■ Exercise objective:
Of all the entries below, retype only the lines from the one with "Admit It You'll" through the one with "make an assumption", exactly as they appear.

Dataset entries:
########
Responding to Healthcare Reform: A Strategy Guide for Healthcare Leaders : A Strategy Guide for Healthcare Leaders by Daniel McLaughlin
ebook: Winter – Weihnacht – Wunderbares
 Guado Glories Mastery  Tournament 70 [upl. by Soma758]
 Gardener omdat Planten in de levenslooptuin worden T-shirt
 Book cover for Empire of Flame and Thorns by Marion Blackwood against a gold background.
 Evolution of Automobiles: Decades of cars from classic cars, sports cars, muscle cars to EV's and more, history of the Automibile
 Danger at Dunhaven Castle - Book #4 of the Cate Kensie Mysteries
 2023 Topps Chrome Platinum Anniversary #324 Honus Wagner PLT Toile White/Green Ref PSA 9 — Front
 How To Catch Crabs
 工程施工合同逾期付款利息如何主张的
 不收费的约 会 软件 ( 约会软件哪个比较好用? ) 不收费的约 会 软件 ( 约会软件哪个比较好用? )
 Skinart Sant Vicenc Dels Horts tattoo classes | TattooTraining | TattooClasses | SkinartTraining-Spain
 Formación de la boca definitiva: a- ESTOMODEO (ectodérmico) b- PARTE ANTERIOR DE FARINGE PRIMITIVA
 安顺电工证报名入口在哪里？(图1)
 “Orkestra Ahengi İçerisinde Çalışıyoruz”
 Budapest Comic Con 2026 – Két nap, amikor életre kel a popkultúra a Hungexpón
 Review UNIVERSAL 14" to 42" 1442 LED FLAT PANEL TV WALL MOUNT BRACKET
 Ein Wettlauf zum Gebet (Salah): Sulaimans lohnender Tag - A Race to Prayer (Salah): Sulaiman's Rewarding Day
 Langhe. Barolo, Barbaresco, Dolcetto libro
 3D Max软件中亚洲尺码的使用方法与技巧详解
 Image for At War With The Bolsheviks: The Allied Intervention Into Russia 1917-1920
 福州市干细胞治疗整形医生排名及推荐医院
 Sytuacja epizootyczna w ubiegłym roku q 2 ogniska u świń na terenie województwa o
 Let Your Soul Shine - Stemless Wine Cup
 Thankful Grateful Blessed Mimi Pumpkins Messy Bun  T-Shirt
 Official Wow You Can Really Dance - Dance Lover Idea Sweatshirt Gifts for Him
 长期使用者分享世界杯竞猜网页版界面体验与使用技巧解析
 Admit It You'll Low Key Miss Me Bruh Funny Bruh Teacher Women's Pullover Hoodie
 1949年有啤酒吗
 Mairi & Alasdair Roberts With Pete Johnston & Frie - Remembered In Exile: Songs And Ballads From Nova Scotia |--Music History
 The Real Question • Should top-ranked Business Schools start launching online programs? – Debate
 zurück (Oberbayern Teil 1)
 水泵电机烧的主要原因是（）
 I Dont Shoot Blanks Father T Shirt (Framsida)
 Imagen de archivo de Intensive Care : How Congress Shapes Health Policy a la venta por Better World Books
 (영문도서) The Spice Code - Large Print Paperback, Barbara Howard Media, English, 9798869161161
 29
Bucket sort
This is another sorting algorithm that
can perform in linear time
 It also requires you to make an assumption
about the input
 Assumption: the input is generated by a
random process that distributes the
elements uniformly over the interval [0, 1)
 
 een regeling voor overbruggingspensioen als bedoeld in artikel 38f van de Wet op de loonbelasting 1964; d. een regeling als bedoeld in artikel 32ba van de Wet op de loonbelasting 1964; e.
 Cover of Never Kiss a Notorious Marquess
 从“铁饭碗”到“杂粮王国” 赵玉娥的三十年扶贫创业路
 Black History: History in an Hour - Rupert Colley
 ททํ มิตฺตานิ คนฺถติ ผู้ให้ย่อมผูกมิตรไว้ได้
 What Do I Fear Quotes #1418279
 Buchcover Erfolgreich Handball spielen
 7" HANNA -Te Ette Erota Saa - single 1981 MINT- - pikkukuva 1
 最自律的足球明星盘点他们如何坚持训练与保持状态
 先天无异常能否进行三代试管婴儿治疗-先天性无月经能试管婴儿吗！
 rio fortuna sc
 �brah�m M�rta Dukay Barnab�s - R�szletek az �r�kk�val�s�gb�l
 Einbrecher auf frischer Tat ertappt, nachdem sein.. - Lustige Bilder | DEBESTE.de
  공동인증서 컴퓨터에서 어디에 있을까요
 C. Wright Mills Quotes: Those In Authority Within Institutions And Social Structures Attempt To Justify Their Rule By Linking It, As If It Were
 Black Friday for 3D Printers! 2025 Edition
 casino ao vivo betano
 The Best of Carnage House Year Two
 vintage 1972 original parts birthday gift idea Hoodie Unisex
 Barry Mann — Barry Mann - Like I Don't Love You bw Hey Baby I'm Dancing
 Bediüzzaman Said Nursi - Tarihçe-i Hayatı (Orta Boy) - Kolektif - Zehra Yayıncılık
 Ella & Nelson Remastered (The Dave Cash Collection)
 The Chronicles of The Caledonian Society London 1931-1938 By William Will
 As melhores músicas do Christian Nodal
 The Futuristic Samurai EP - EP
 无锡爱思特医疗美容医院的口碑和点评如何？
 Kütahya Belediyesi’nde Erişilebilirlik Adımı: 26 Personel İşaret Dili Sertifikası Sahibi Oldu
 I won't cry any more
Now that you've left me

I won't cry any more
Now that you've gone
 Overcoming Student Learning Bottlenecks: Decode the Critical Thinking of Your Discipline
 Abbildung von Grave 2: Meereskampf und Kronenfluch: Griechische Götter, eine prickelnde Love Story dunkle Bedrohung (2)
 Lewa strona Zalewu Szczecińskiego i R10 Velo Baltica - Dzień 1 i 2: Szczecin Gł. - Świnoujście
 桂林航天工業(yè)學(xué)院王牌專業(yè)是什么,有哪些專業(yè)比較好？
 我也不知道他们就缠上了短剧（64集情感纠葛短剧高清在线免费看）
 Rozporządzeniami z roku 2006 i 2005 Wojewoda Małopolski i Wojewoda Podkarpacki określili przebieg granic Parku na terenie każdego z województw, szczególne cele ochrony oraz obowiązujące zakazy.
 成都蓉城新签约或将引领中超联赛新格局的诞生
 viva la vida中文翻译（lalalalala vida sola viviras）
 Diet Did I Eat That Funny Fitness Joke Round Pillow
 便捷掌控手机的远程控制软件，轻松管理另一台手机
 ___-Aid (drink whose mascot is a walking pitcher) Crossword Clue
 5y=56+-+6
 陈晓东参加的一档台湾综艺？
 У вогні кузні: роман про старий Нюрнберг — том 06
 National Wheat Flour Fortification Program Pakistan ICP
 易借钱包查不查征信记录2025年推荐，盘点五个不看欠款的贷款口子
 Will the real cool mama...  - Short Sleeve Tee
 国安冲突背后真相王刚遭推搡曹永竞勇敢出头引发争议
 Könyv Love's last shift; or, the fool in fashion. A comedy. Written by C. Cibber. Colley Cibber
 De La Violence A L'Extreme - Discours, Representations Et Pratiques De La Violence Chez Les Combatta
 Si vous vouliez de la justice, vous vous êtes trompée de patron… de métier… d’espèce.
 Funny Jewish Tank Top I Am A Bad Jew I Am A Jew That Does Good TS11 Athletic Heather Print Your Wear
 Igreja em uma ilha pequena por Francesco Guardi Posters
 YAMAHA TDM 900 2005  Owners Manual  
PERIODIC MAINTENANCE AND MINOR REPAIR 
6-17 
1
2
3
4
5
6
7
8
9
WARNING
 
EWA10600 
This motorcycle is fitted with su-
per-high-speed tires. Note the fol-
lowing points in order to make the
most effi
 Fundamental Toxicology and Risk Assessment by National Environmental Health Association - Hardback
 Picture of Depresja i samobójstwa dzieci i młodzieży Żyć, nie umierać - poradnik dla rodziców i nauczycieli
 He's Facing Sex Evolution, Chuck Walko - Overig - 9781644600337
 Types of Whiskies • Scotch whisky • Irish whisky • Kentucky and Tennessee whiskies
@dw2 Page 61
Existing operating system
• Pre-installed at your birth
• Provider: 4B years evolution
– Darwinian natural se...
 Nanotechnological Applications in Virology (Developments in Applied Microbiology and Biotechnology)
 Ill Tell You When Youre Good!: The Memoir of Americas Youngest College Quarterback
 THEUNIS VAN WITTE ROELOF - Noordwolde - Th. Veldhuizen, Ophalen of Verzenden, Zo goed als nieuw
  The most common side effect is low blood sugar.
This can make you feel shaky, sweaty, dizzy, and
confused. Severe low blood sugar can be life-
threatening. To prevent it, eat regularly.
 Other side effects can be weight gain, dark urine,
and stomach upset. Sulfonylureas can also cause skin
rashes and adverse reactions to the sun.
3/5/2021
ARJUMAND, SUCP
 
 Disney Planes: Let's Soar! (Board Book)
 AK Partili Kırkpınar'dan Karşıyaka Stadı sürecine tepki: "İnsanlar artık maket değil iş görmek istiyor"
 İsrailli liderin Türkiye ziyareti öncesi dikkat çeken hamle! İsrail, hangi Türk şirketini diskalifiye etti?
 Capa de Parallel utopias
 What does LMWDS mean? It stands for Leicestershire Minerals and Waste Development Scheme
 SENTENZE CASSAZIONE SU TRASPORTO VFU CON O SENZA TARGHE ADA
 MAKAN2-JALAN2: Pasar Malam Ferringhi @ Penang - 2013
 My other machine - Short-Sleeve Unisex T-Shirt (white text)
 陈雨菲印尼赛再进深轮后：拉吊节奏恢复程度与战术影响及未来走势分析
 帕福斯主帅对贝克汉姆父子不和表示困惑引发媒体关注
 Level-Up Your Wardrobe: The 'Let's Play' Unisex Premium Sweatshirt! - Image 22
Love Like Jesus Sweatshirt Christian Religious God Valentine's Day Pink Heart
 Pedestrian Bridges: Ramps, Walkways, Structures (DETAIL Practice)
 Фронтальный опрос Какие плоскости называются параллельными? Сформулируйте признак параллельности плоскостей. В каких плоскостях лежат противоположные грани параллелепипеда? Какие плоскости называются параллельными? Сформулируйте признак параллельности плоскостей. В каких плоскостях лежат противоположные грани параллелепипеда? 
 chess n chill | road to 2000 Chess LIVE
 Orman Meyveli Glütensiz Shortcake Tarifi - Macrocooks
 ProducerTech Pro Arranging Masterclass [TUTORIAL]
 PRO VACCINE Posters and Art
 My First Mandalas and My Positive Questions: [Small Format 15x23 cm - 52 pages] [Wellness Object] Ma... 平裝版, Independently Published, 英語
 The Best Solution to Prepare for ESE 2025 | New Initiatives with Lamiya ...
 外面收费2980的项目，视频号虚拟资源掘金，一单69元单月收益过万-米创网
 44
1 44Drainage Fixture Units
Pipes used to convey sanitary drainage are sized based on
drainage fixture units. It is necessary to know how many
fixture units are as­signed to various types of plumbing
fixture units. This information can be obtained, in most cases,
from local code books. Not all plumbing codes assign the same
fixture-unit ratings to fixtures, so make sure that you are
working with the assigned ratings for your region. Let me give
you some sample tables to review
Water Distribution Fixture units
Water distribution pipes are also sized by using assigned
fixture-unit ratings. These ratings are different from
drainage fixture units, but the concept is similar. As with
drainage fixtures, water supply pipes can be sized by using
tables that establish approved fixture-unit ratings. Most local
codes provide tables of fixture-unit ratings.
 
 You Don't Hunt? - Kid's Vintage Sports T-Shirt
########
■ Answer to this problem:
 Admit It You'll Low Key Miss Me Bruh Funny Bruh Teacher Women's Pullover Hoodie
 1949年有啤酒吗
 Mairi & Alasdair Roberts With Pete Johnston & Frie - Remembered In Exile: Songs And Ballads From Nova Scotia |--Music History
 The Real Question • Should top-ranked Business Schools start launching online programs? – Debate
 zurück (Oberbayern Teil 1)
 水泵电机烧的主要原因是（）
 I Dont Shoot Blanks Father T Shirt (Framsida)
 Imagen de archivo de Intensive Care : How Congress Shapes Health Policy a la venta por Better World Books
 (영문도서) The Spice Code - Large Print Paperback, Barbara Howard Media, English, 9798869161161
 29
Bucket sort
This is another sorting algorithm that
can perform in linear time
 It also requires you to make an assumption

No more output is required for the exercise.